Il y a deux jours, je suis tombée sur une œuvre d’Omar Mahfoudi, où il est écrit :
“You are not alone | You have this artwork for company”
[Tu n’es pas seul·e | Cette œuvre d’art est là pour te tenir compagnie]
Et tout est dit.
L’art, c’est l’œil d’un artiste sur le monde dans lequel nous vivons
En préparant ce billet, je suis tombée sur une œuvre récente de l’artiste BLASE©.
Y a-t-il meilleure illustration de cette affirmation ?
Quelle que soit son époque, l’artiste interroge son monde, l’égratigne, l’écorche ou le célèbre.
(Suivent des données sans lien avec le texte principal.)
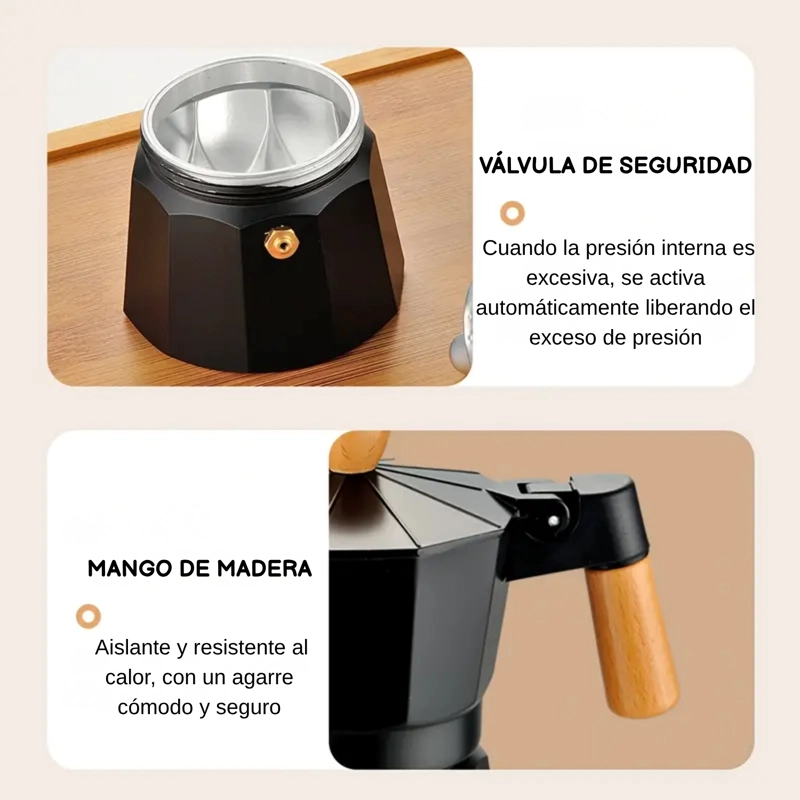 CAFETERA MOKA ITALIANA 3 TAZAS - 150ML NEGRO ELEGANTE - 2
L’œuvre d’un artiste, c’est une vision du monde. Son monde. Le nôtre.
Sa culture, qui n’est pas forcément la nôtre.
Son quotidien, que l’on partage peut-être.
Ses convictions politiques ou religieuses qui, parfois, résonnent en nous.
Et c’est précieux.
La Fantaisie Vagabonde vous présente de l’art et des artistes
Sur un plateau à paillettes.
Avec le cœur ouvert grand comme ça.
Et la conviction profonde que l’art et les artistes sont
Tantôt un rempart, tantôt un tremplin.
Et toujours
Une nécessité.
Merci pour votre commentaire, Cecile !
Il est pour moi l’occasion de relire ce que j’avais écrit il y a 2 ans. 🙂
Je suis heureuse que de l’autre côté du miroir, du côté de l’artiste, mes mots sonnent juste.
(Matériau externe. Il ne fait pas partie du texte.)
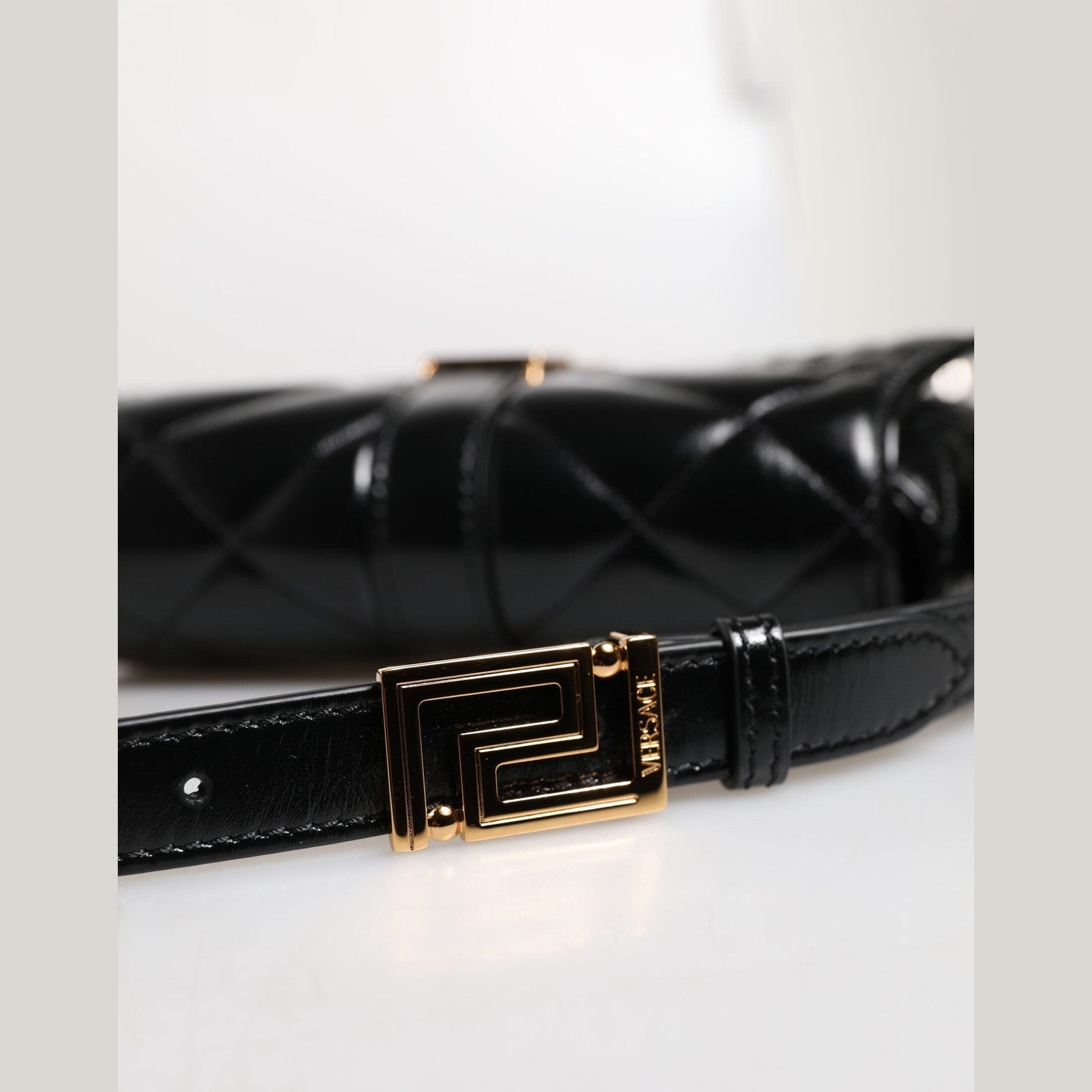 Versace Black Calf Leather Quilted Shoulder Strap Bag Versace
Et au fait, bienvenue parmi les abonné·e·s de la gazette à paillettes !
Marie
Je suis tombée par hasard sur ce billet …je le trouve extrêmement juste et éclairant en tant qu’artiste je trouve que l’on ne se pose pas suffisamment la question . Merci
Vrooom ! Et merci ! ✨
Marie, encore une fois, tu es à contre-courant de la manière de vivre l’art. Tu remets le lien entre l’artiste et le passionné d’art au coeur de l’acquisition. Et puis le lien tellement puissant entre l’oeuvre et son propriétaire prend le relai. La rencontre, le souvenir, l’émotion ! Voilà un beau moteur pour acheter de l’art !
Cher Fabien,
Merci pour tes mots.
Et quelle belle comparaison que celle du lit conjugal !
Merci Marie pour ce billet. Le lire m’a d’ailleurs fait voyager le temps d’une séance morose. Une œuvre fait rentrer dans l’intimité de son auteur presque immédiatement, quand elle nécessite des mois, des années voire une vie pour un ami proche. On s’ouvre alors à l’univers intérieur de l’artiste qui ne résonne qu’à travers nos propres émotions. Comme une sorte de rencontre amoureuse dont le lit conjugal serait l’œuvre.